** Opening Materials provided block **
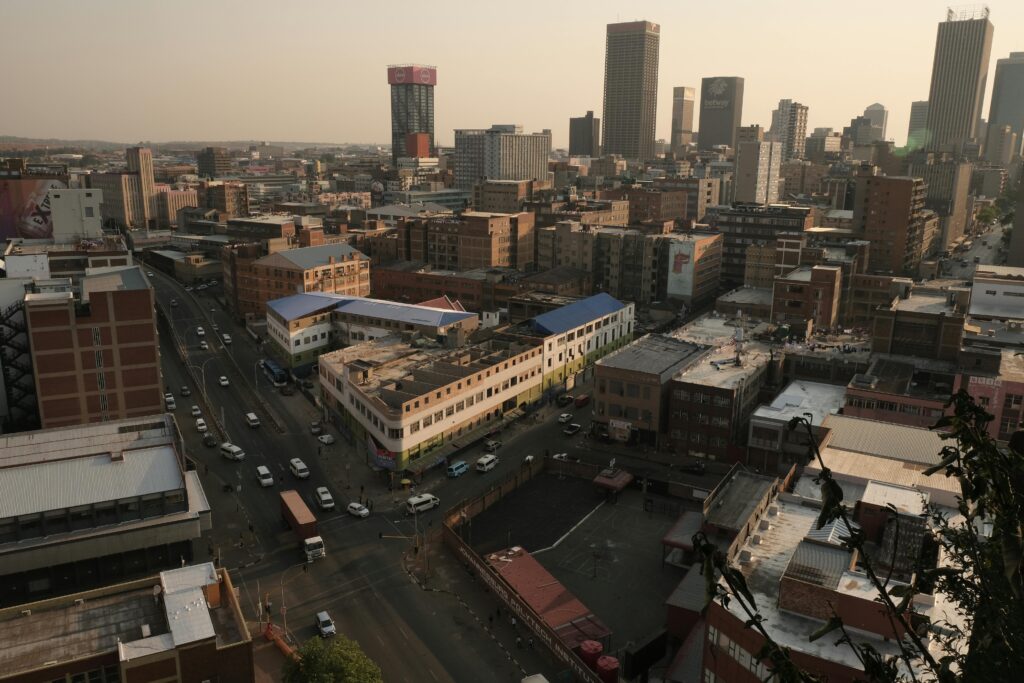 pexels-photo-34132082-34132082 Scenic aerial view of Johannesburg cityscape showcasing urban architecture in warm evening light.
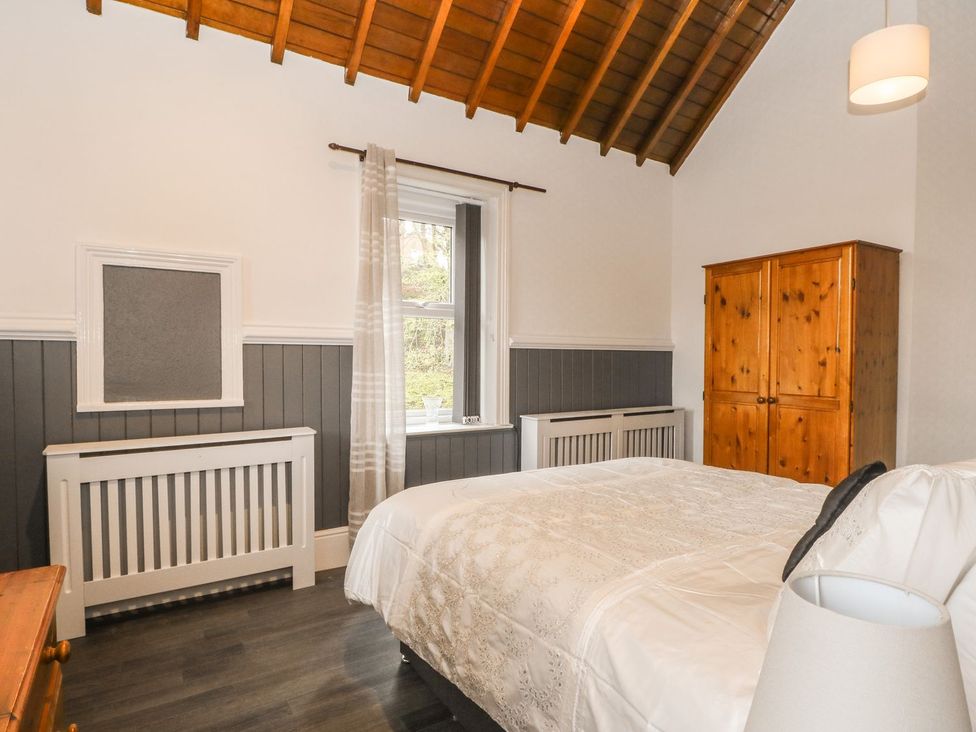 A bedroom with a bed and window at Beechwood House in Hadfield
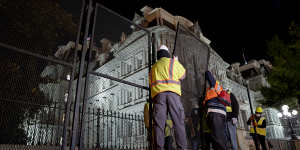 Construction workers set up additional fencing near the White House in Washington,D.C.,U.S.,on Monday,Nov. 2,2020. Temporary extra fencing is being erected around the White House,plywood affixed to storefronts in Manhattan and the National Guard put on notice in Portland,Oregon,as U.S. cities brace for possible unrest on election day. Photographer:Stefani Reynolds/Bloomberg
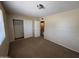 A carpeted bedroom showcases a closet and a standard-sized window for ample natural light at 7126 N 19Th Ave # 108, Phoenix, AZ 85021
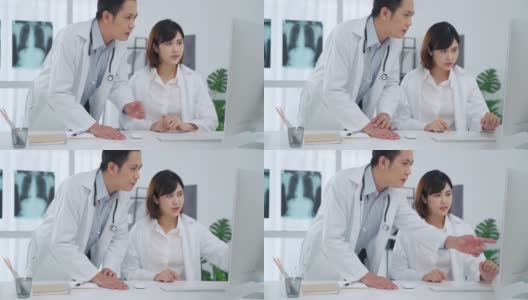 两位医生在医务室的电脑屏幕上分析讨论高清在线视频素材下载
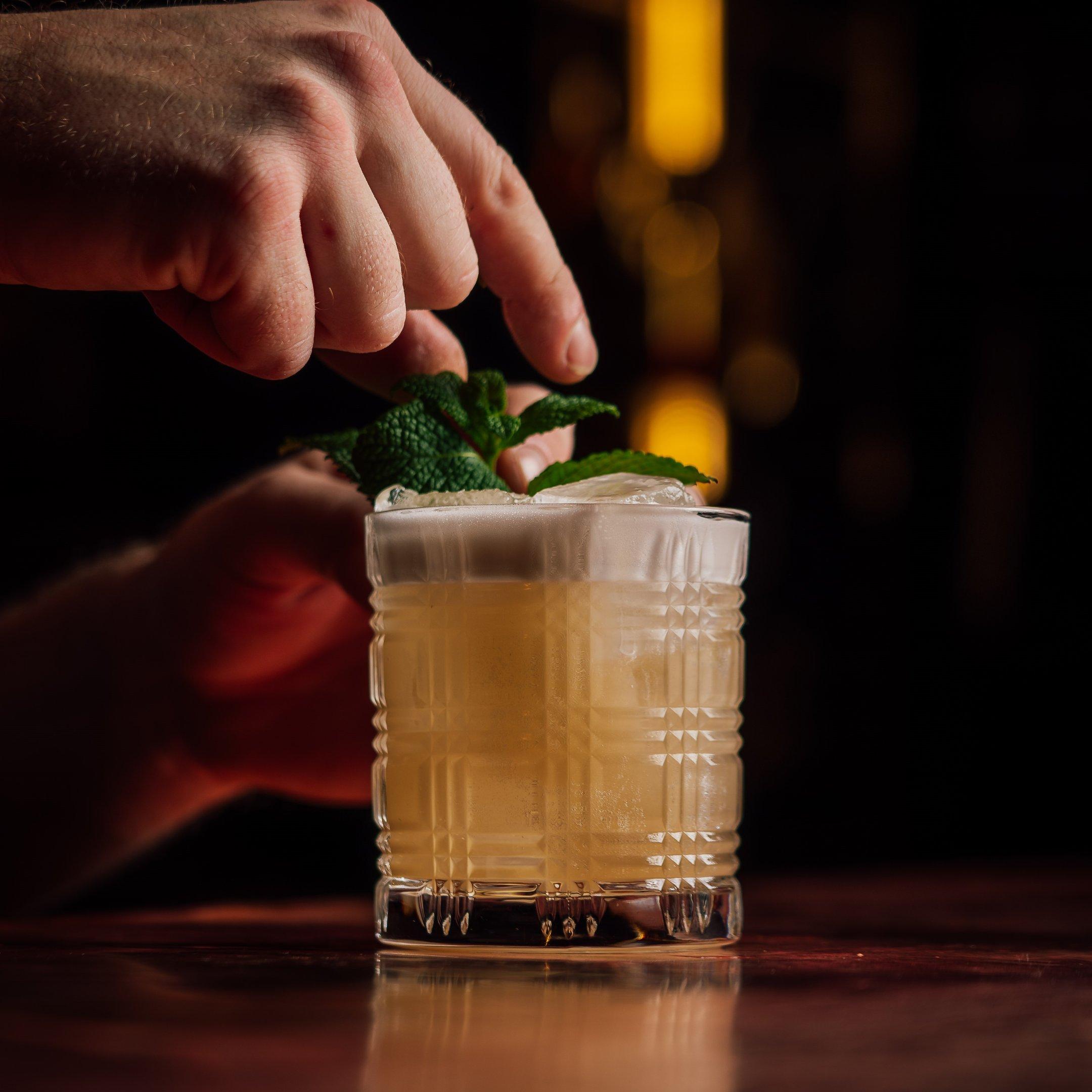 Hands putting a garnish onto the Banana Duchess cocktail in The Escapologist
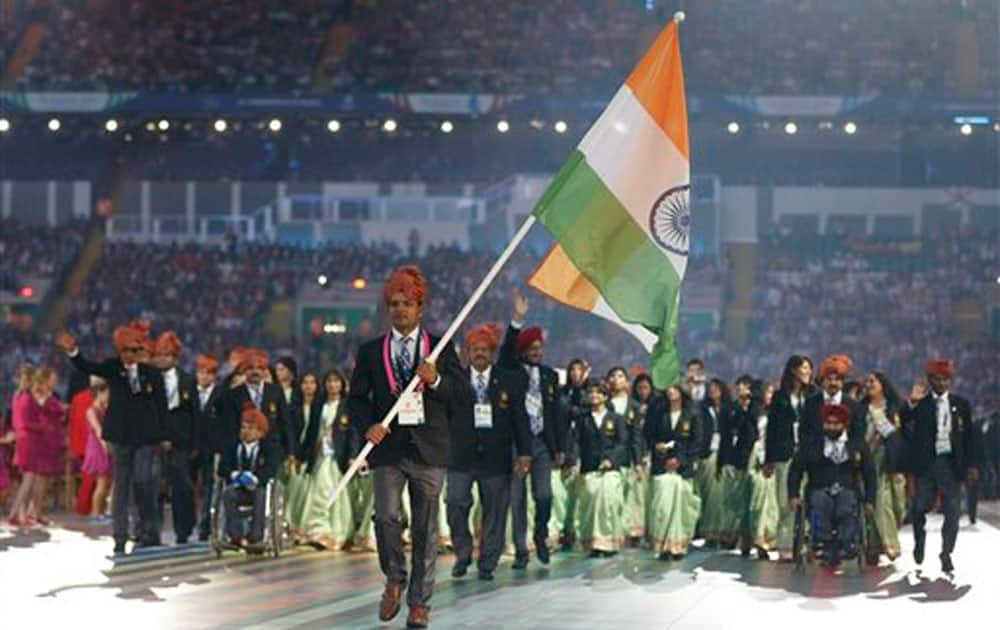 India’s flag bearer Vijay Kumar leads his team during the opening ceremony for the Commonwealth Games 2014 in Glasgow, Scotland.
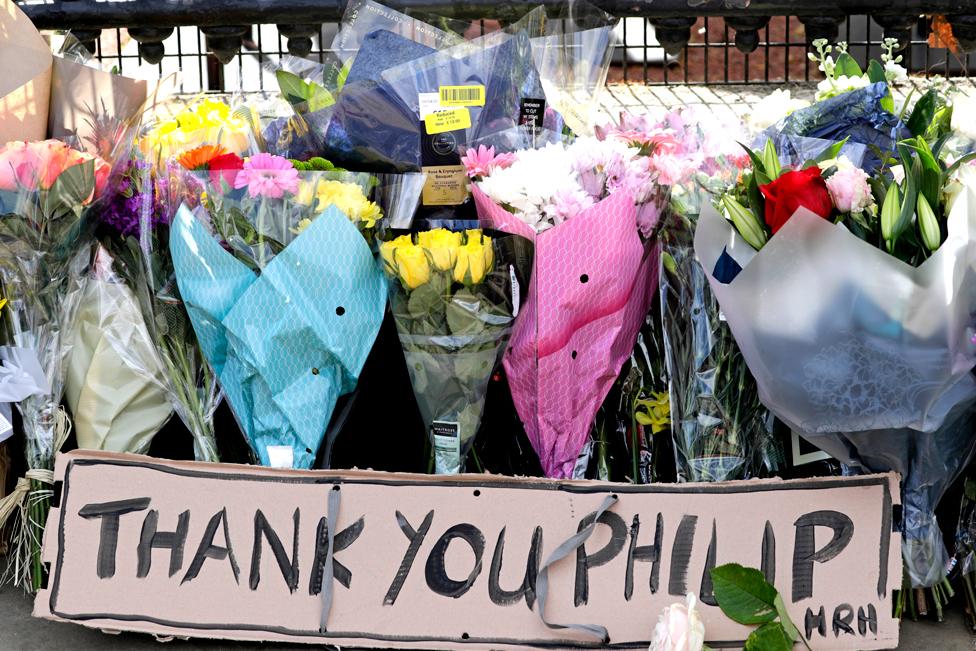 Floral tributes are seen at Buckingham Palace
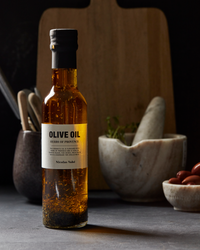 Nicolas Vahé Herbes de Provence olive oil 25cl on kitchen counter with herbs and mortar in background.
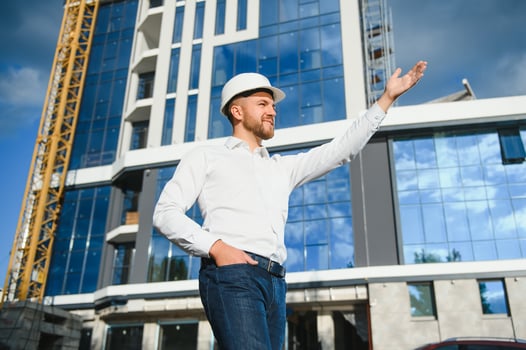 Industrial theme constructor standing at a site area. photo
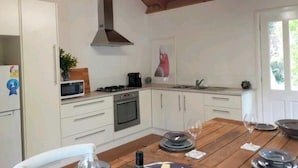 A spacious kitchen with a large rustic table, essential appliances, and overlooks cottage gardens. - Sandys Pottery Cottage- pet friendly, wineries, (Healesville)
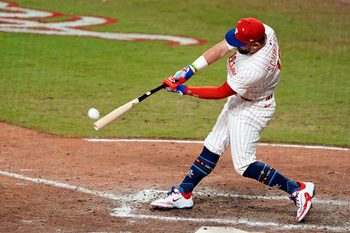 Jul 15, 2025; Cumberland, Georgia, USA; National League designated hitter Kyle Schwarber (12) of the Philadelphia Phillies hits a home run in the swing off of after the  2025 MLB All Star Game ended in a tie at Truist Park. Mandatory Credit: Dale Zanine-Imagn Images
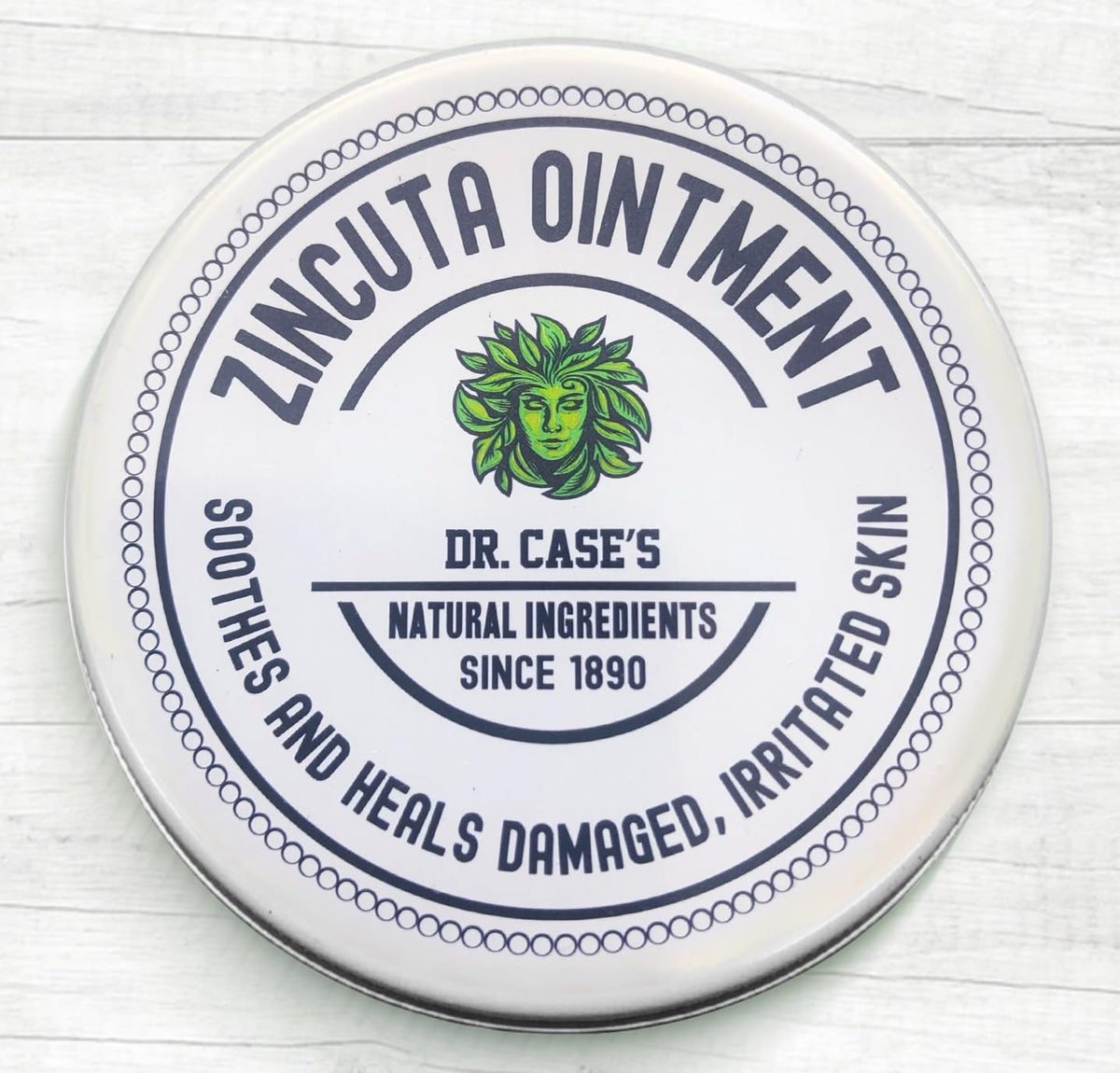 Zincuta Healing Ointment tin front for all-natural skin relief and hydration.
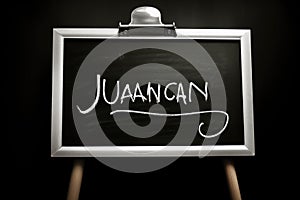 Jaugan - german word for jaugan on blackboard, Handwriting the text \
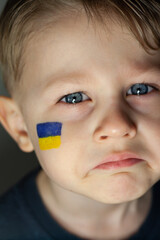 War in ukraine, a child with the flag of ukraine on his face. Pray for peace in Ukraine  mourning. No war.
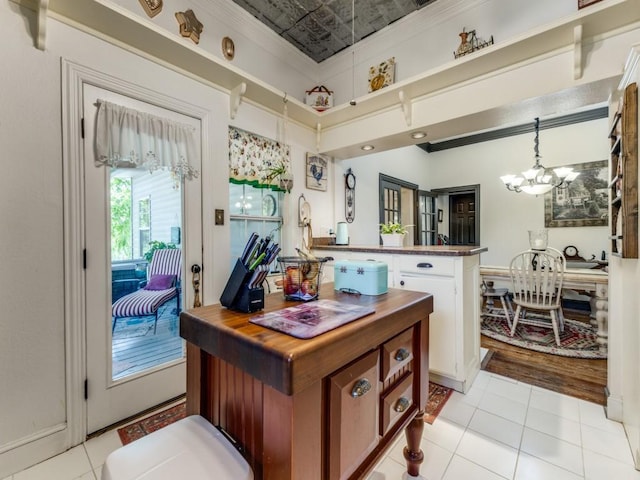 932 Williams St, Rockwall, TX 75087 - kitchen with a chandelier, light tile patterned floors, a peninsula, an ornate ceiling, and white cabinets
** Closing Materials provided block **
Only the lines from the one containing "Floral tributes are" through the end of the listing should be output, word for word and inclusive; keep pictures out.

Answer to the problem:
 Floral tributes are seen at Buckingham Palace
 Nicolas Vahé Herbes de Provence olive oil 25cl on kitchen counter with herbs and mortar in background.
 Industrial theme constructor standing at a site area. photo
 A spacious kitchen with a large rustic table, essential appliances, and overlooks cottage gardens. - Sandys Pottery Cottage- pet friendly, wineries, (Healesville)
 Jul 15, 2025; Cumberland, Georgia, USA; National League designated hitter Kyle Schwarber (12) of the Philadelphia Phillies hits a home run in the swing off of after the  2025 MLB All Star Game ended in a tie at Truist Park. Mandatory Credit: Dale Zanine-Imagn Images
 Zincuta Healing Ointment tin front for all-natural skin relief and hydration.
 Jaugan - german word for jaugan on blackboard, Handwriting the text \
 War in ukraine, a child with the flag of ukraine on his face. Pray for peace in Ukraine  mourning. No war.
 932 Williams St, Rockwall, TX 75087 - kitchen with a chandelier, light tile patterned floors, a peninsula, an ornate ceiling, and white cabinets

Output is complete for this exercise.